Consommation : 34 kg / employé
Dans cette logique d'harmonisation, un appel d'offres est en cours pour la généralisation d'imprimantes départementales, à raison d'une pour quinze à vingt personnes. Le déploiement devrait démarrer en juin 2015 et sera soutenue par une campagne de sensibilisation. Sur certains de nos sites, des bonnes pratiques comme le recto verso par défaut, l'utilisation d'un papier moins grammé, ou l'impression sécurisée, est déjà effectif. Nous tenons également compte de l'écoconception des machines, et vérifions auprès des industriels le taux de réutilisation des pièces des imprimantes et copieurs multifonctions. Selon les sujets, de 10 à 20 % des critères des appels d'offre sont environnementaux ou sociaux.
Achats durables : 30 %
En 2015, un appel d'offres commun sur le papier doit également être mené. La qualité du papier recyclé est une priorité : le grammage et le taux de recyclage vont être prioritairement étudiés. Nous utilisons actuellement, en majorité, des papiers en provenance de forêts gérées durablement (FSC ou PEFC), qui garantissent la traçabilité du bois. La notion de taux de matière recyclée n'est pas suffisamment pris en compte, nous devons l'améliorer.
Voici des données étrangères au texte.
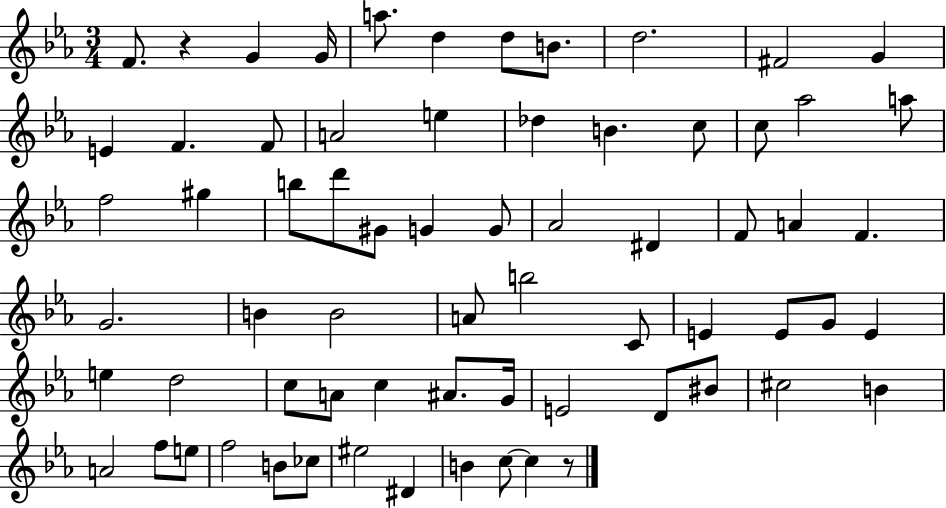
F4/e. R/q G4/q G4/s A5/e. D5/q D5/e B4/e. D5/h. F#4/h G4/q E4/q F4/q. F4/e A4/h E5/q Db5/q B4/q. C5/e C5/e Ab5/h A5/e F5/h G#5/q B5/e D6/e G#4/e G4/q G4/e Ab4/h D#4/q F4/e A4/q F4/q. G4/h. B4/q B4/h A4/e B5/h C4/e E4/q E4/e G4/e E4/q E5/q D5/h C5/e A4/e C5/q A#4/e. G4/s E4/h D4/e BIS4/e C#5/h B4/q A4/h F5/e E5/e F5/h B4/e CES5/e EIS5/h D#4/q B4/q C5/e C5/q R/e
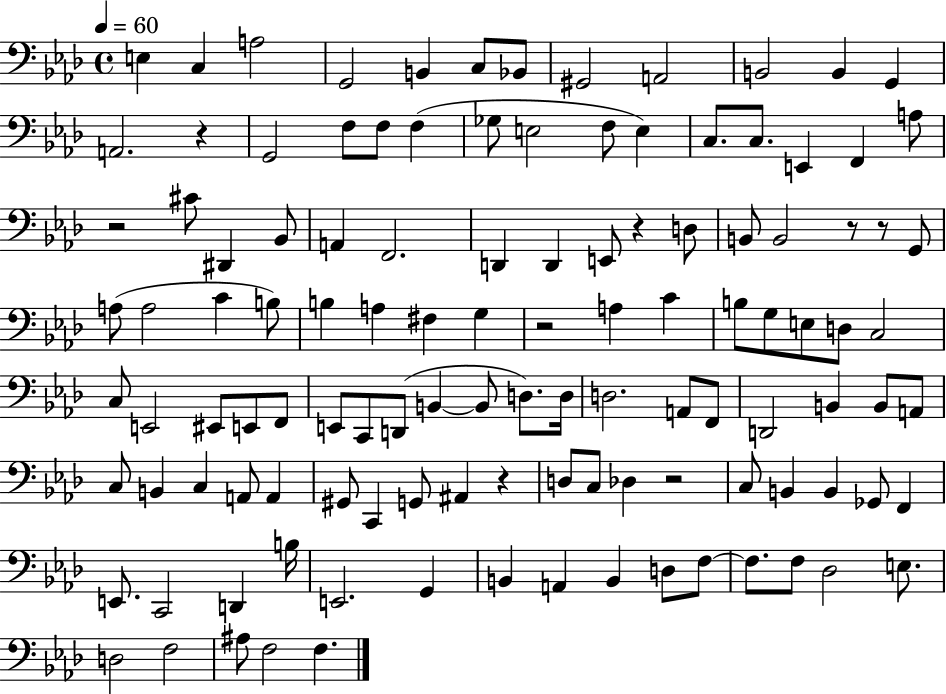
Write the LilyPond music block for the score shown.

{
  \clef bass
  \time 4/4
  \defaultTimeSignature
  \key aes \major
  \tempo 4 = 60
  e4 c4 a2 | g,2 b,4 c8 bes,8 | gis,2 a,2 | b,2 b,4 g,4 | \break a,2. r4 | g,2 f8 f8 f4( | ges8 e2 f8 e4) | c8. c8. e,4 f,4 a8 | \break r2 cis'8 dis,4 bes,8 | a,4 f,2. | d,4 d,4 e,8 r4 d8 | b,8 b,2 r8 r8 g,8 | \break a8( a2 c'4 b8) | b4 a4 fis4 g4 | r2 a4 c'4 | b8 g8 e8 d8 c2 | \break c8 e,2 eis,8 e,8 f,8 | e,8 c,8 d,8( b,4~~ b,8 d8.) d16 | d2. a,8 f,8 | d,2 b,4 b,8 a,8 | \break c8 b,4 c4 a,8 a,4 | gis,8 c,4 g,8 ais,4 r4 | d8 c8 des4 r2 | c8 b,4 b,4 ges,8 f,4 | \break e,8. c,2 d,4 b16 | e,2. g,4 | b,4 a,4 b,4 d8 f8~~ | f8. f8 des2 e8. | \break d2 f2 | ais8 f2 f4. | \bar "|."
}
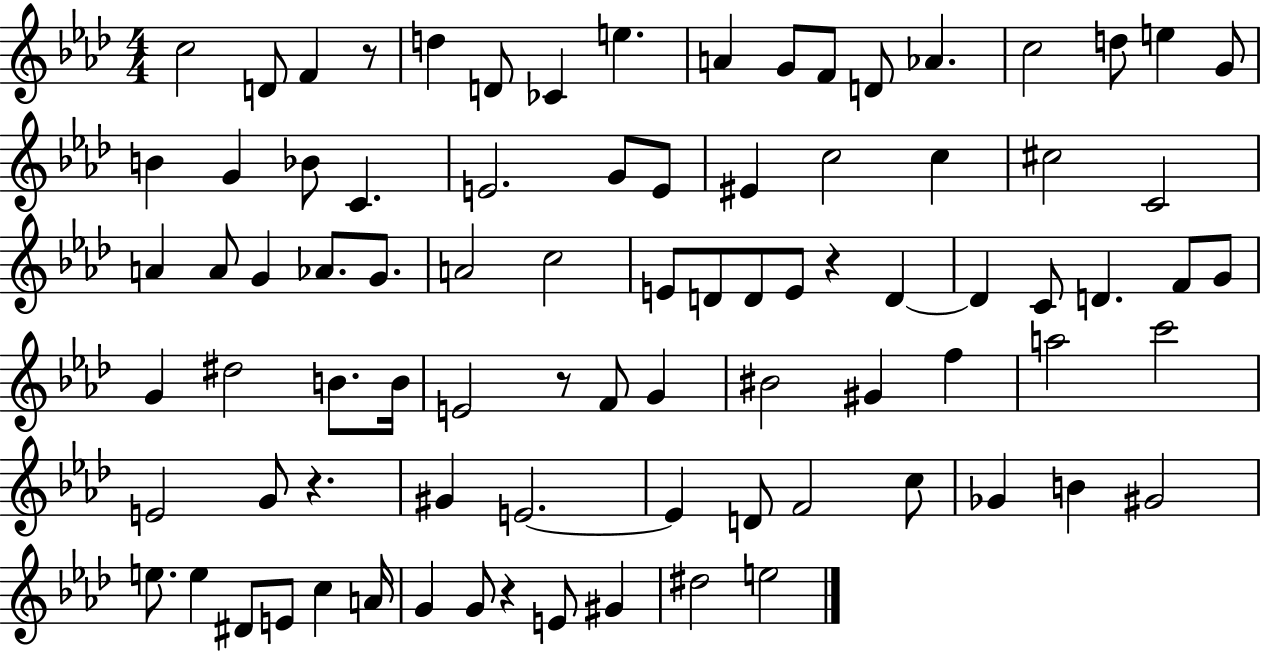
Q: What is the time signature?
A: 4/4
Les achats sont sollicités, car il existe une vraie volonté de réduire le nombre de fournisseurs, à la suite de la fusion des trois groupes. À cela s'ajoute le fait qu'au sein de chaque structure, plusieurs acteurs commandaient les mêmes produits. Les achats participent à l'optimisation des coûts, mais aussi du cahier des charges, et aident à être plus professionnels sur l'appel d'offre, l'établissement et le suivi des contrats.
Recyclage : 90 %
Du côté du recyclage, nous devons harmoniser le tri sélectif à travers nos sites. Nous recyclons 90 % du papier bureautique. Nous réalisons partiellement le recyclage des gobelets ou bouteilles en plastique, des canettes, des stylos, et envisageons celui des mégots de cigarette.
Le bilan
Nous réfléchissons à la mise en place d'un label de certification, comme HQE exploitation. C'est l'une des recommandations faites par WWF et Riposte Verte, avec la sensibilisation et la formation des collaborateurs, l'affichage d'une politique papier et le calcul de la consommation de papier bureautique. En ce sens, nous souhaitons communiquer de façon positive, en valorisant les résultats obtenus, par exemple. Ce peut-être à travers d'affiches ou de vidéos amusantes.
En participant au PAP 50, nous savions que nous n'étions pas exemplaires, mais il était important pour nous d'intégrer ce référentiel de benchmarking, et de bénéficier d'un suivi comparé par rapport aux autres acteurs de la banque et de l'assurance. Nous allons pouvoir suivre notre progression, et nous comptons bien parvenir dans le top 10 pour la prochaine édition."